Today is once again one of those days when I will not have much time for research and writing, so I am going to share with you a document that I received in an e-mail about a week ago. The e-mail came to me from a relatively new German friend of our museum, Hartmut Mensendiek. Hartmut is a descendant from the Mahnken family. It was a very short e-mail with an attachment. Here is the e-mail.
The blog post that Hartmut refers to in his e-mail was the one titled, M.M. and P.P. That post discussed the marriage of Maria Mahnken and Peter Perschbacher.
I gave brief thought to making Hartmut’s attached Word document into a regular post, but it didn’t take me long to figure out that would take up time that I do not have today. I won’t bore you with the details about how tedious that process would be. Instead, I have decided to merely attach his document to this post, and you should be able to click on it to open it up as a Word document.

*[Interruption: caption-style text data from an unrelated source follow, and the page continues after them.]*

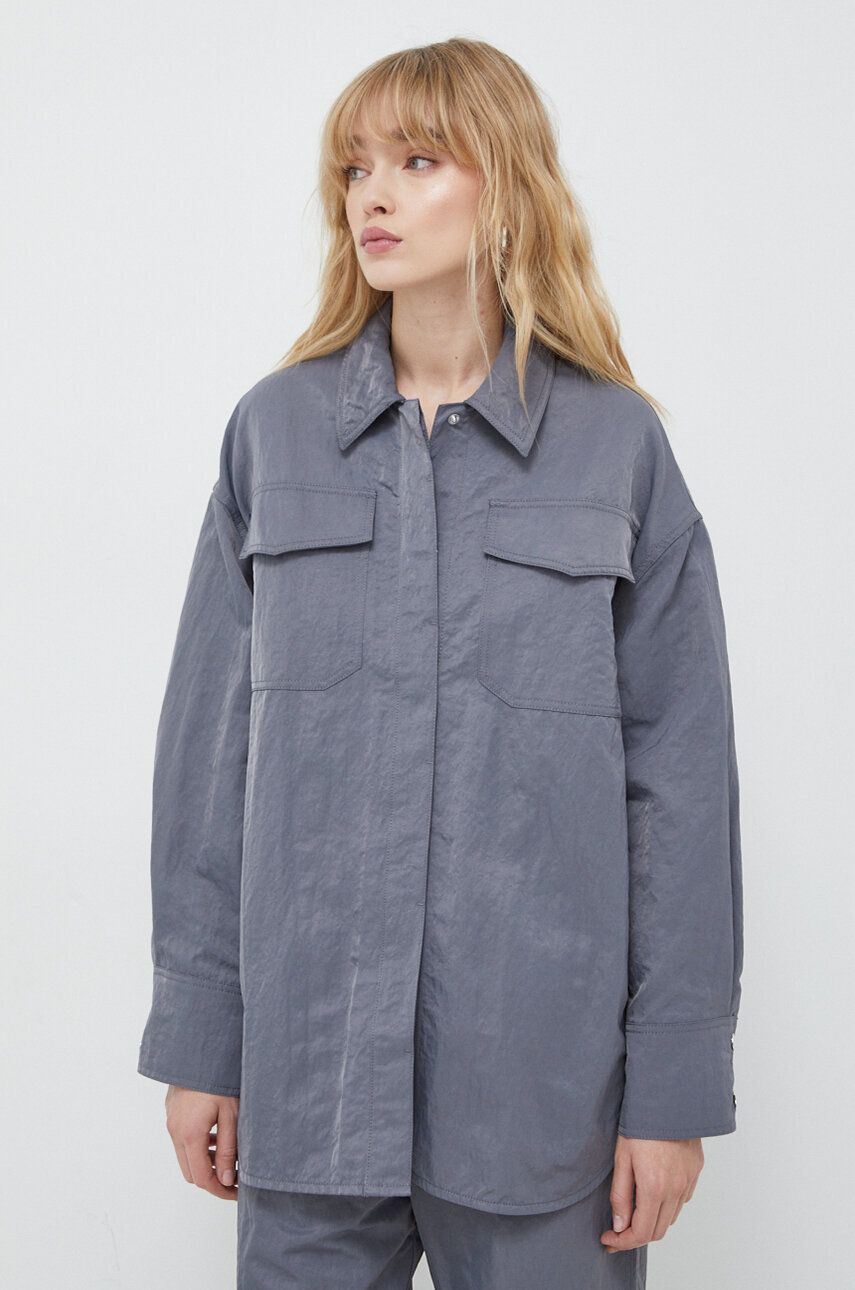 Košile Samsoe Samsoe GIRA dámská, šedá barva, relaxed, s klasickým límcem, F23400007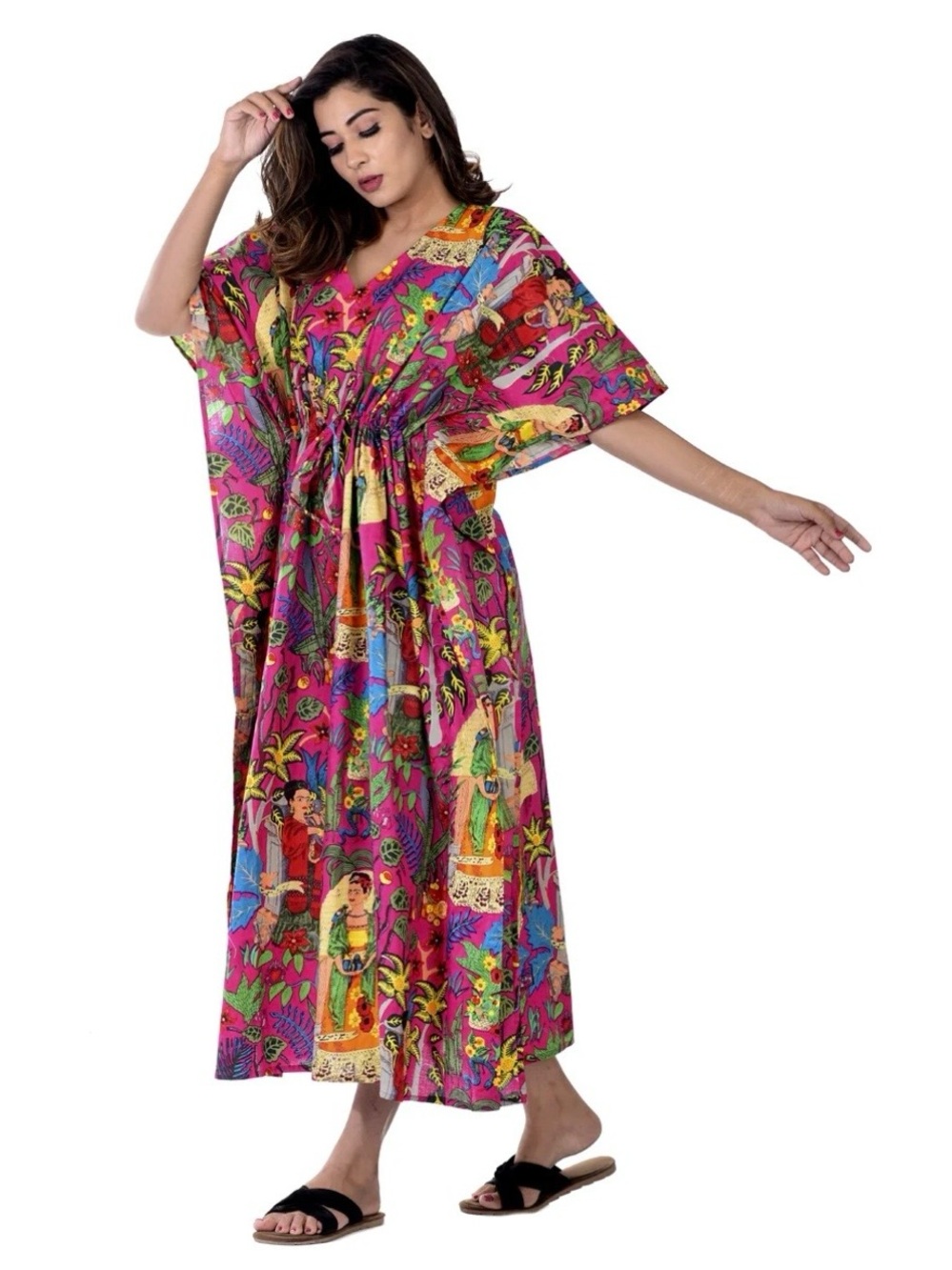 V-Neck Pink Multi Frida Kahlo Print Midi Kaftan Dress OS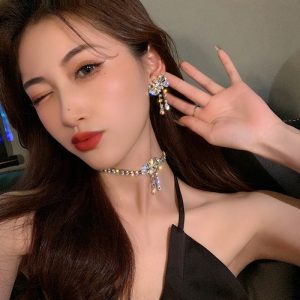 Butterfly necklace earrings artificial crystal diamond bow necklace short tassel earrings high-end collar accessories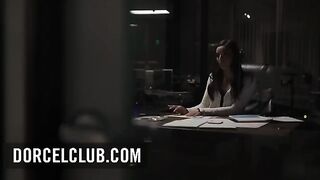 Petite Emily Willis works extra hours with her boss in a steamy office scene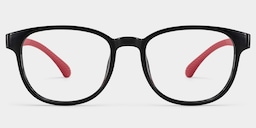 Dale  Round Black Red Glasses1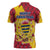 Chad Christmas Zipper Polo Shirt with Red-Yellow Festive Pattern, National Coat of Arms, and Snowflake Accents - Wonder Print Shop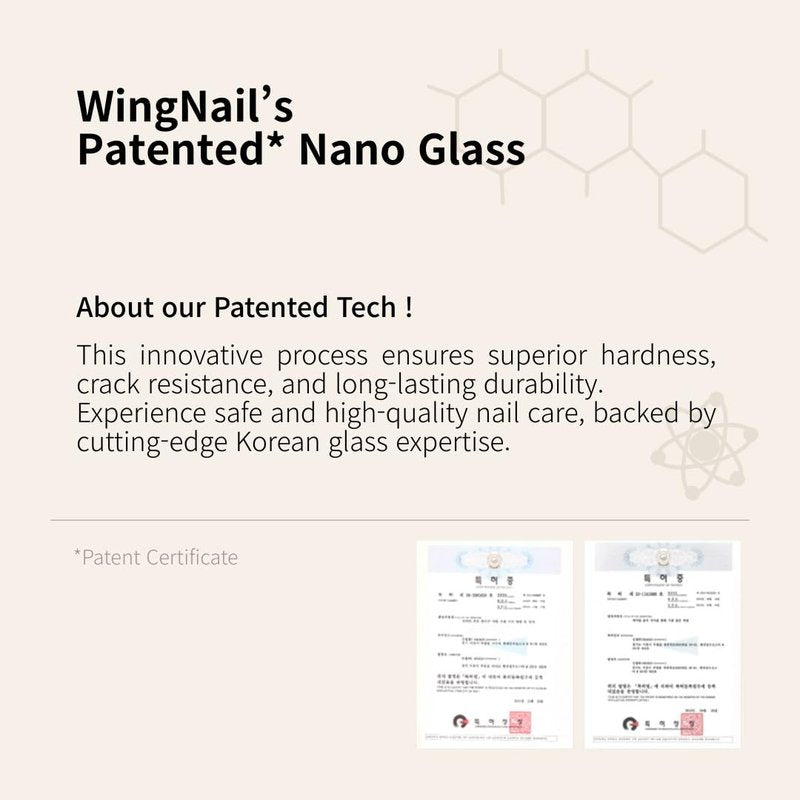 Wing Glass Nail File and Buffer – Nano Glass Nail Shiner, Professional Manicure Tool for Natural Glossy Finish, Washable & Reusable, 5 Colors, 5 Inch (Pink)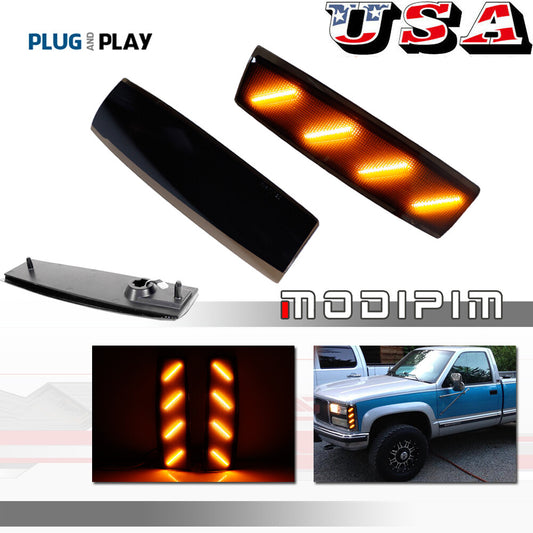 Smoked Lens Amber Front Corner Side Marker Lights for 1992-93 for GMC for Yukon Suburban - v
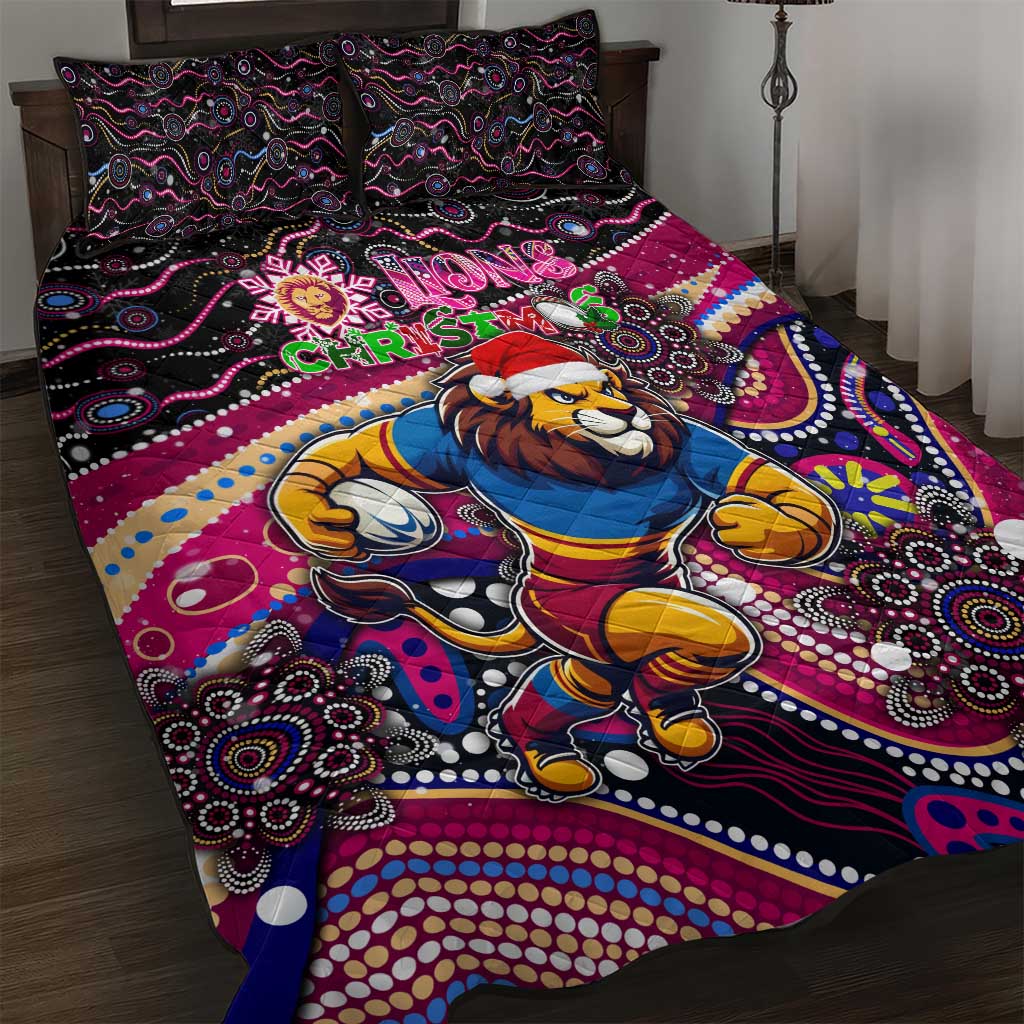 Merry Christmas AFL Brisbane Lions Quilt Bed Set Aboriginal Santa Football Mascot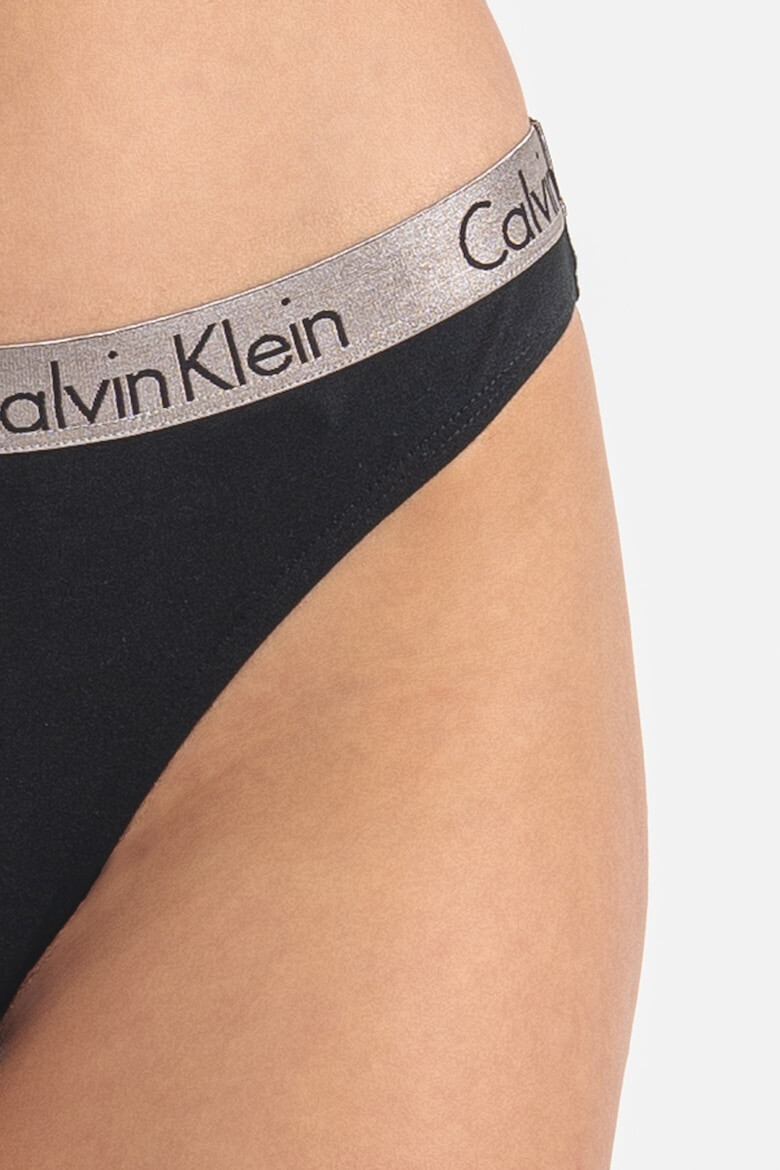 CALVIN KLEIN Set de chiloti tanga cu banda logo in talie - 3 perechi - Pled.ro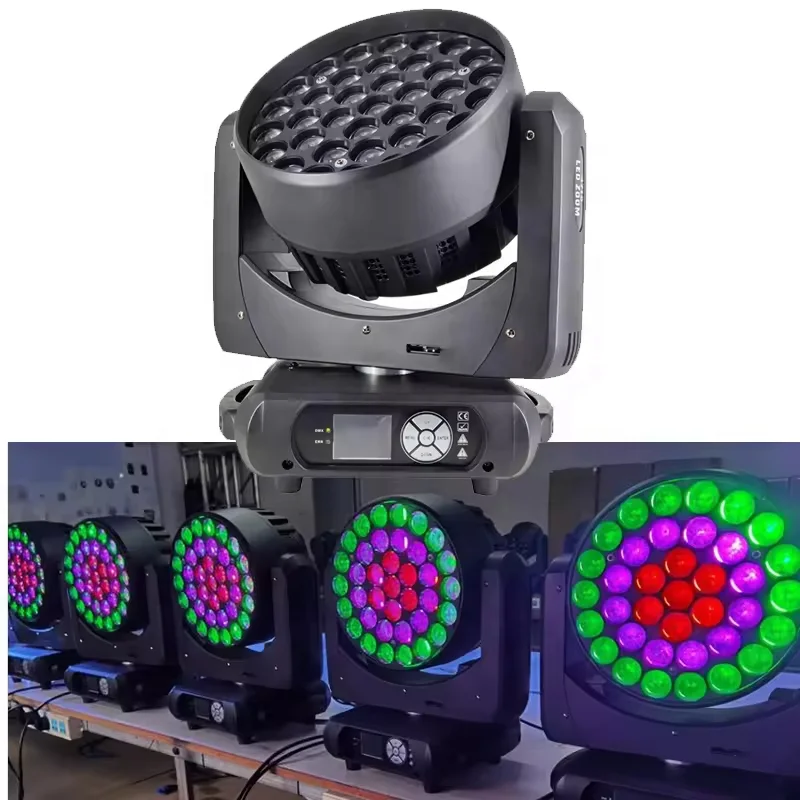 37pcs 15W Zoom Wash Moving Head Stage Lights Dj Disco Stage Party Lights Lighting Equipment Professional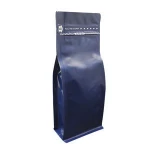 Quad seal foil flat bottom box coffee pouch,Block Bottom Kraft Box Pouch With Resealable Zipper,quad flat bottom pouch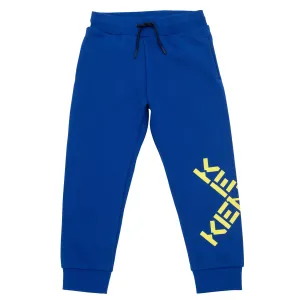 Kenzo Boys Cross Logo Track Pants Blue 4Y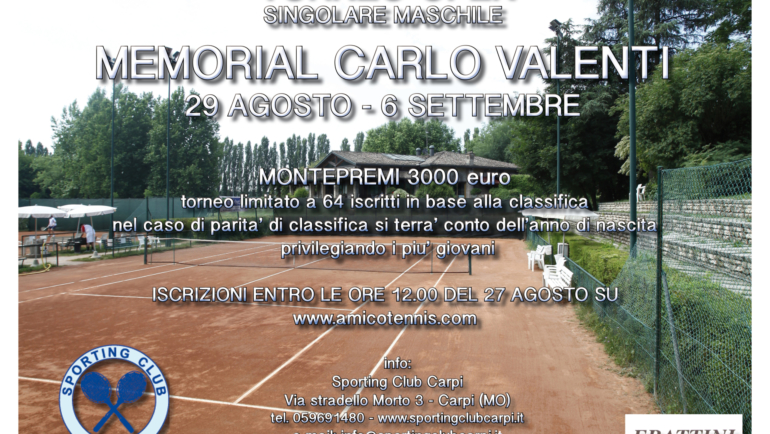 TORNEO OPEN “MEMORIAL CARLO VALENTI” montepremi 3.000 €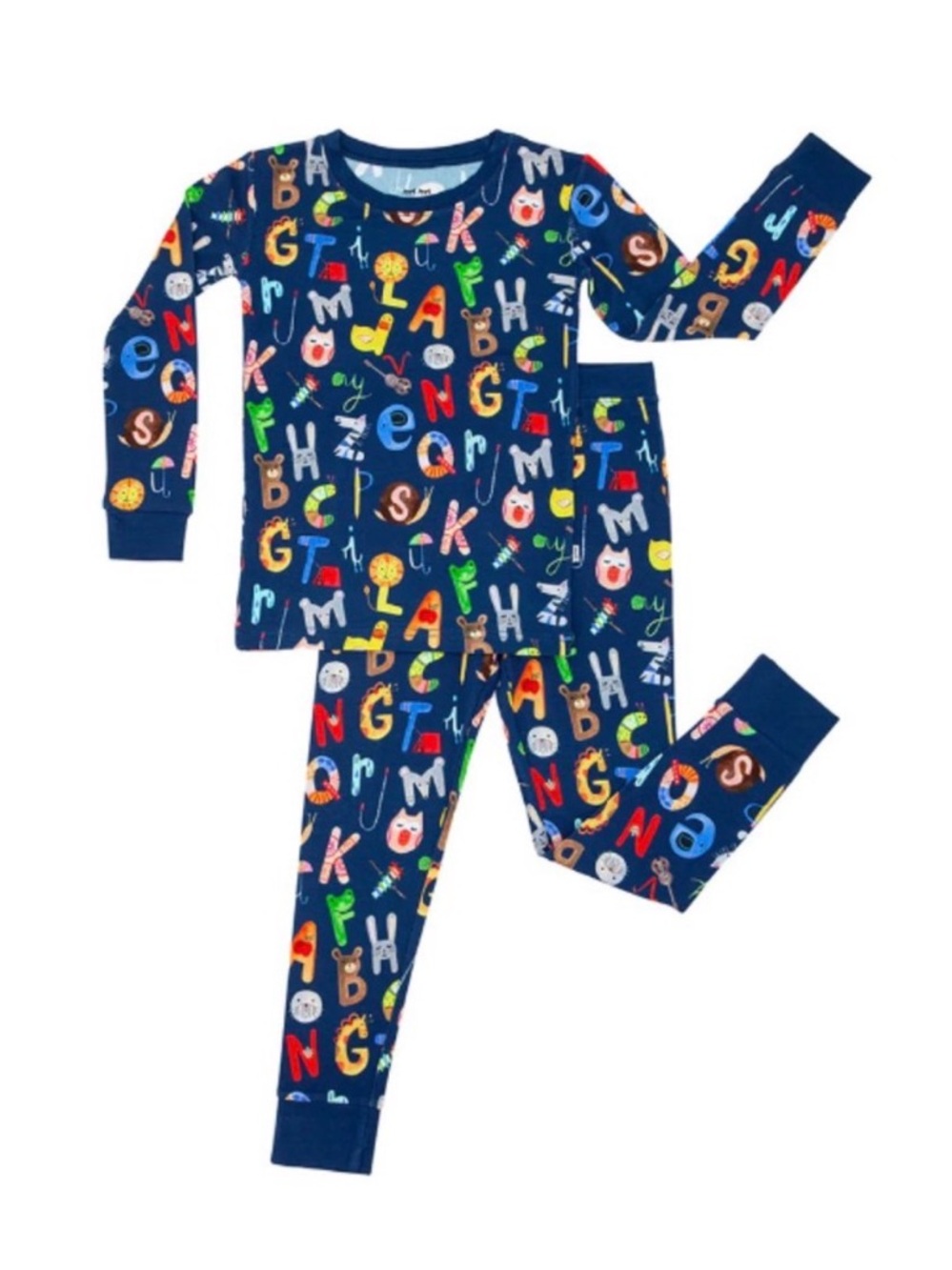 NWT LITTLE SLEEPIES Two-Piece Pajama Set Navy Alphabet Friends Size 4T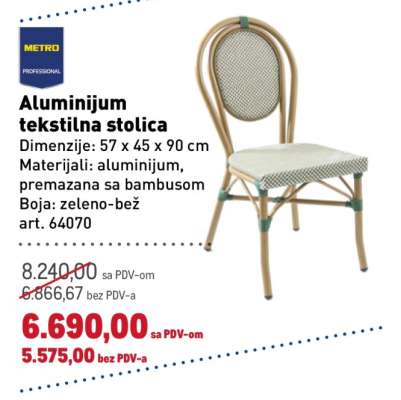 Aluminijum tekstilna stolica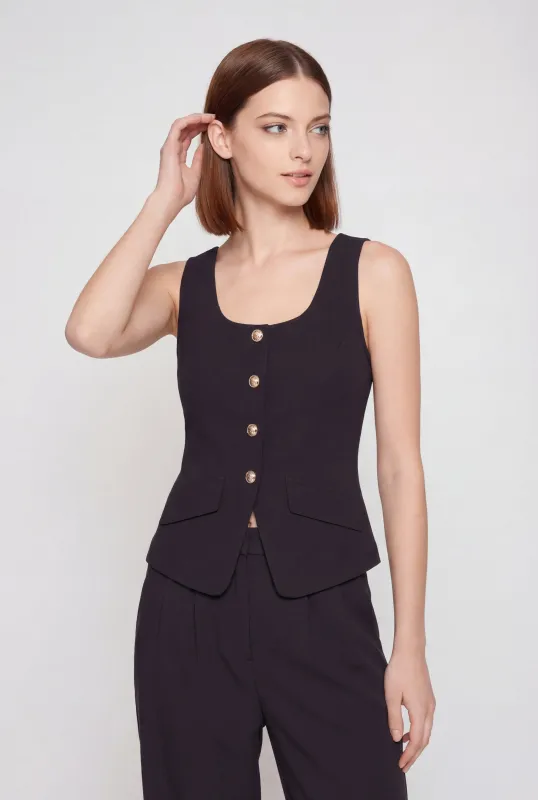 Metallic Button Front Crepe Knit Blazer Vest made by Rainbow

I am no expert at reading German, but I still found it interesting to see a previous post that I had written put into German. It was also a challenge to figure out what was added to my post. I still haven’t figured that all out. The additional photographs and documents also add more to my original story, and for that, I am very appreciative. Below is the link to Hartmut’s Word document.
In my first Perschbacher post, I mentioned that it may have been connected to Gerald Perschbacher, a noted genealogist himself. I have since heard from Gerald, and that connection was confirmed. I believe Gerald also knows his German and may find this document especially interesting. I should also point out that this post will finally give another German fan of this blog, Lutz Backmann, the opportunity to read something in his own language.
I also want to let you know that my friend, Fred Eggers, has promised to write a few posts soon when I will be making another one of my family trips to visit grandchildren. I’m sure they will be very interesting. I will use this opportunity to thank Fred ahead of time for giving me this welcome break from writing.
Also, I thank Hartmut Mansendiek for his contribution to this post. Perhaps you can contribute more to our blog in the future. Or maybe you should start your own version of our blog over in Germany.